Directions for this task: Take the entries below and print only the lines from the one with "MEGA CLEARANCE SALE" through the one with "duden waterfall larga", exactly as they stand, both ends included.
**** Input ****
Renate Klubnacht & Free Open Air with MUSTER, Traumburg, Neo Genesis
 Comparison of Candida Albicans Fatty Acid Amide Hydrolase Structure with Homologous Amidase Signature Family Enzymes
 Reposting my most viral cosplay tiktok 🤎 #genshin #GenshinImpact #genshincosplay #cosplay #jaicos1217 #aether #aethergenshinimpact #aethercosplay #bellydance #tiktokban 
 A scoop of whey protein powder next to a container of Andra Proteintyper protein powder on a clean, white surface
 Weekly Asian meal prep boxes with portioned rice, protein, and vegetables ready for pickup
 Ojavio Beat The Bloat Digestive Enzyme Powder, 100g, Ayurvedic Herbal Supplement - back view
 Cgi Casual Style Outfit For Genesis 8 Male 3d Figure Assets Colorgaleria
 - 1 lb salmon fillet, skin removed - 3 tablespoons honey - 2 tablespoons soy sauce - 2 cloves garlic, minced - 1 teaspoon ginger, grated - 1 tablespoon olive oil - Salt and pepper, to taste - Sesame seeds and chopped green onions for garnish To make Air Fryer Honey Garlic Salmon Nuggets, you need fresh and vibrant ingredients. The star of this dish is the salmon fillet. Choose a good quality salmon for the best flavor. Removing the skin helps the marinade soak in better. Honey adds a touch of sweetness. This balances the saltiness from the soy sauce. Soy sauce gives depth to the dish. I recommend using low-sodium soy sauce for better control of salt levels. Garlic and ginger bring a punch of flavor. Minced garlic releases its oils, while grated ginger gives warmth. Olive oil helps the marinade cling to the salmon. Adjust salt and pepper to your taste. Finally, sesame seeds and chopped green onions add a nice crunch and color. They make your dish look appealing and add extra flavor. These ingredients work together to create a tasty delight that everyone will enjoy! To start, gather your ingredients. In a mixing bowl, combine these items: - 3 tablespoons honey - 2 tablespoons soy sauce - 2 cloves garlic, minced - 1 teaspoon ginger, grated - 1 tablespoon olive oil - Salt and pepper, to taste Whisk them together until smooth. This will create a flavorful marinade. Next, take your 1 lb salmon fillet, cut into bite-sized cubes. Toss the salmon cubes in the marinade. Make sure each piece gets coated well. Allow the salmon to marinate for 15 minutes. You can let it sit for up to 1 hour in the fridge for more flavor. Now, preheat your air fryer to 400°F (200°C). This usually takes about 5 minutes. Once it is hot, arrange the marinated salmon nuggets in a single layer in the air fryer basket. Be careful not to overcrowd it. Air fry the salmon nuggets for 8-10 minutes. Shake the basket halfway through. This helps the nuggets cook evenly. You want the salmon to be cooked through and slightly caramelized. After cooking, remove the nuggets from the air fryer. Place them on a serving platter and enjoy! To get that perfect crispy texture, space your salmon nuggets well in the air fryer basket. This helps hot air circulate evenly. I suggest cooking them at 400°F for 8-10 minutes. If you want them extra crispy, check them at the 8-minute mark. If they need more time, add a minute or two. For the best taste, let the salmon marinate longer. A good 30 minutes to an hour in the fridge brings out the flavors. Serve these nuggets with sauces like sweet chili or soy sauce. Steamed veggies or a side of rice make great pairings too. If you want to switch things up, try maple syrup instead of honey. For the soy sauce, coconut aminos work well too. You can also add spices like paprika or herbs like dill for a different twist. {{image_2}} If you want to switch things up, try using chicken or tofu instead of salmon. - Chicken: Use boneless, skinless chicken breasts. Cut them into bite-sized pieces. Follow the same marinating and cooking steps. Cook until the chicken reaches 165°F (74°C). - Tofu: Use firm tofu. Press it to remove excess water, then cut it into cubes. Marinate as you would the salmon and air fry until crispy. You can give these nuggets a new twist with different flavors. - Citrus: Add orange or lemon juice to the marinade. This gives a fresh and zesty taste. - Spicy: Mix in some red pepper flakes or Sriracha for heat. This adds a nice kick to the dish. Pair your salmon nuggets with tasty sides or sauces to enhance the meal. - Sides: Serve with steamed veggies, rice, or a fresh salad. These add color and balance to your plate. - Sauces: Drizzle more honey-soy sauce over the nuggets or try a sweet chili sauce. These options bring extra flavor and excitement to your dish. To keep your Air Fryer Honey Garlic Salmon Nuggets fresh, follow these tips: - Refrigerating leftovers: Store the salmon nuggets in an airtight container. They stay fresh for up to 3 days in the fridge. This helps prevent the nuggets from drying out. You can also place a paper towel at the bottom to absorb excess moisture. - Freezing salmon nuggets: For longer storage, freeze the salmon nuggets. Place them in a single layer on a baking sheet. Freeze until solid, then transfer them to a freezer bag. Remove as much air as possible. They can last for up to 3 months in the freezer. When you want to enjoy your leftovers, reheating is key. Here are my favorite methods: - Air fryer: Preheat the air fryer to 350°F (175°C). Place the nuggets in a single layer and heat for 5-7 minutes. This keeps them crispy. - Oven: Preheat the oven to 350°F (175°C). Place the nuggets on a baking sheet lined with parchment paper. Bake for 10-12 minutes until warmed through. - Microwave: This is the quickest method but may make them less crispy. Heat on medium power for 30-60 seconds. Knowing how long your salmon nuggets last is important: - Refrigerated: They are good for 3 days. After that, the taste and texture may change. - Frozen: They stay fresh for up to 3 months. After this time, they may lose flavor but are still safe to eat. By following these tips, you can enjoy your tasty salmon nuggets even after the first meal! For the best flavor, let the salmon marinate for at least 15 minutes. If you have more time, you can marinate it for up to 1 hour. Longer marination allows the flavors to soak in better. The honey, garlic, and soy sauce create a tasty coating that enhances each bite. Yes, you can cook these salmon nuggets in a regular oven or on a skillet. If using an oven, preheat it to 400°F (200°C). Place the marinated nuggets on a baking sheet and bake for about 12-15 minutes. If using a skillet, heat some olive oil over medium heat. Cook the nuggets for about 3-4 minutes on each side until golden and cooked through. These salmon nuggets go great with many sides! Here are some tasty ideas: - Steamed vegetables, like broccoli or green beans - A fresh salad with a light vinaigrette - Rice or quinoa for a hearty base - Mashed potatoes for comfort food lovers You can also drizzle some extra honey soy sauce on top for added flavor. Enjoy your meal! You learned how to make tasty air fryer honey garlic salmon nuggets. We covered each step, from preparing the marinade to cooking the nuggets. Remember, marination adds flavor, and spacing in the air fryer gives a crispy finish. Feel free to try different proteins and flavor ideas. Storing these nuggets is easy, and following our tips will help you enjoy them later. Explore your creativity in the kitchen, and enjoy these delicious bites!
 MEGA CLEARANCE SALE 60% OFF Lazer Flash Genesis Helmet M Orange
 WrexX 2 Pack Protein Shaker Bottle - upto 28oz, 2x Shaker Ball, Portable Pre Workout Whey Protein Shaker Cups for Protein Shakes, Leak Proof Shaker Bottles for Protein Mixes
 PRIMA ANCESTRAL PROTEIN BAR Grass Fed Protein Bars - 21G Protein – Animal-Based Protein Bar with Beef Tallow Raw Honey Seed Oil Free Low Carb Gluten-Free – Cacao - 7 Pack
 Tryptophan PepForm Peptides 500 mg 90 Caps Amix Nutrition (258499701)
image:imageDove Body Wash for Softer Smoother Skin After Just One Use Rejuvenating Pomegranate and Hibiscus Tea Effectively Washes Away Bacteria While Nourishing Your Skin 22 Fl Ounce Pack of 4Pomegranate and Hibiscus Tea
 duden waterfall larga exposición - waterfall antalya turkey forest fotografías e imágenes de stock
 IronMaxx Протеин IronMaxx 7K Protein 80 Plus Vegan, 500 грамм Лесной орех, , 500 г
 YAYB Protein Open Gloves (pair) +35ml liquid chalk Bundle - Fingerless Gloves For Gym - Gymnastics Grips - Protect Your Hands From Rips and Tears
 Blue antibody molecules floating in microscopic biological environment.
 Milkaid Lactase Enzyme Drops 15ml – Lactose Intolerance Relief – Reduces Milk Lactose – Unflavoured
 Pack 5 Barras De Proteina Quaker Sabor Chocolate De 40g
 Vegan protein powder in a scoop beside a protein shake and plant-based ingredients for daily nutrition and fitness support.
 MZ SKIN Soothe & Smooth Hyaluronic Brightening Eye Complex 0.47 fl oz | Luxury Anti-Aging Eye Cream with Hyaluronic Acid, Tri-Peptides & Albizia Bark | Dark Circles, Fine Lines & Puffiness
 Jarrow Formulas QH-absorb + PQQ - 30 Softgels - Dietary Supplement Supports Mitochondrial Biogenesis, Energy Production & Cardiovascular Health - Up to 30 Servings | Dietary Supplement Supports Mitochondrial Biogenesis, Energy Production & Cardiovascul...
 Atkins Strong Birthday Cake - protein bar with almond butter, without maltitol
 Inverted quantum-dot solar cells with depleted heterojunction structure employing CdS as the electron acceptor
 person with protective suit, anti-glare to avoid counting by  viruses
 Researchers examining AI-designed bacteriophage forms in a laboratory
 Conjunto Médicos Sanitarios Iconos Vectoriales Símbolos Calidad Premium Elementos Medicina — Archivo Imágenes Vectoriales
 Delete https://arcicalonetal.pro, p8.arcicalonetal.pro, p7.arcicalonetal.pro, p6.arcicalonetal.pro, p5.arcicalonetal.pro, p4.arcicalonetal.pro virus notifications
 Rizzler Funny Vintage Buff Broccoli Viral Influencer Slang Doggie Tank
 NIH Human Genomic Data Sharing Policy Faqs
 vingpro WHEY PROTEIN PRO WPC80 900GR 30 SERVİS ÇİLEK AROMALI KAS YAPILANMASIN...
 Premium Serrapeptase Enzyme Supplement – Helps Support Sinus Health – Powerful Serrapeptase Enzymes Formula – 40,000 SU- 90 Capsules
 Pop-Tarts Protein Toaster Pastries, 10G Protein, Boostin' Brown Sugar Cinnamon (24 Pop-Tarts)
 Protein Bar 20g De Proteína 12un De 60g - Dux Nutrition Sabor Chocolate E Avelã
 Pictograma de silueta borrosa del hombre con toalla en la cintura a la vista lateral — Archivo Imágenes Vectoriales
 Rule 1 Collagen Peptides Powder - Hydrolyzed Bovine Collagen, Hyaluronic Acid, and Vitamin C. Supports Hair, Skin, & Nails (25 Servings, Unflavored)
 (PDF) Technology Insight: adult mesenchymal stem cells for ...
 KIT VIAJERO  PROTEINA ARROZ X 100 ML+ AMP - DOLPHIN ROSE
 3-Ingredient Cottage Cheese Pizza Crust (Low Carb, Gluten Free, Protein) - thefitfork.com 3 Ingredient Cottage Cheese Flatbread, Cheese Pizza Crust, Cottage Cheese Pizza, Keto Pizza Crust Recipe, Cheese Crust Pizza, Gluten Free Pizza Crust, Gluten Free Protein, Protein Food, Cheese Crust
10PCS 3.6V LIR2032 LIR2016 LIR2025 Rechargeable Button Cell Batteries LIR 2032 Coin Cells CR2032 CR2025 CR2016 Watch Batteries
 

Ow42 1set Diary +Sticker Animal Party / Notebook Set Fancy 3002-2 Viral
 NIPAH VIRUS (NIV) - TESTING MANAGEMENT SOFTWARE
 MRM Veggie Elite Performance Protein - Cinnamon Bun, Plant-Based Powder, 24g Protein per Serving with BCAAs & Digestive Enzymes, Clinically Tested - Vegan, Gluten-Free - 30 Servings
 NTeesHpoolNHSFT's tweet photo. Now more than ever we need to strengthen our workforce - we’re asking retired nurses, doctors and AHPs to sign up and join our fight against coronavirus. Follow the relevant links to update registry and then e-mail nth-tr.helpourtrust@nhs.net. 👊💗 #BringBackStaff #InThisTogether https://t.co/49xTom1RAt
****
Reply:
 MEGA CLEARANCE SALE 60% OFF Lazer Flash Genesis Helmet M Orange
 WrexX 2 Pack Protein Shaker Bottle - upto 28oz, 2x Shaker Ball, Portable Pre Workout Whey Protein Shaker Cups for Protein Shakes, Leak Proof Shaker Bottles for Protein Mixes
 PRIMA ANCESTRAL PROTEIN BAR Grass Fed Protein Bars - 21G Protein – Animal-Based Protein Bar with Beef Tallow Raw Honey Seed Oil Free Low Carb Gluten-Free – Cacao - 7 Pack
 Tryptophan PepForm Peptides 500 mg 90 Caps Amix Nutrition (258499701)
image:imageDove Body Wash for Softer Smoother Skin After Just One Use Rejuvenating Pomegranate and Hibiscus Tea Effectively Washes Away Bacteria While Nourishing Your Skin 22 Fl Ounce Pack of 4Pomegranate and Hibiscus Tea
 duden waterfall larga exposición - waterfall antalya turkey forest fotografías e imágenes de stock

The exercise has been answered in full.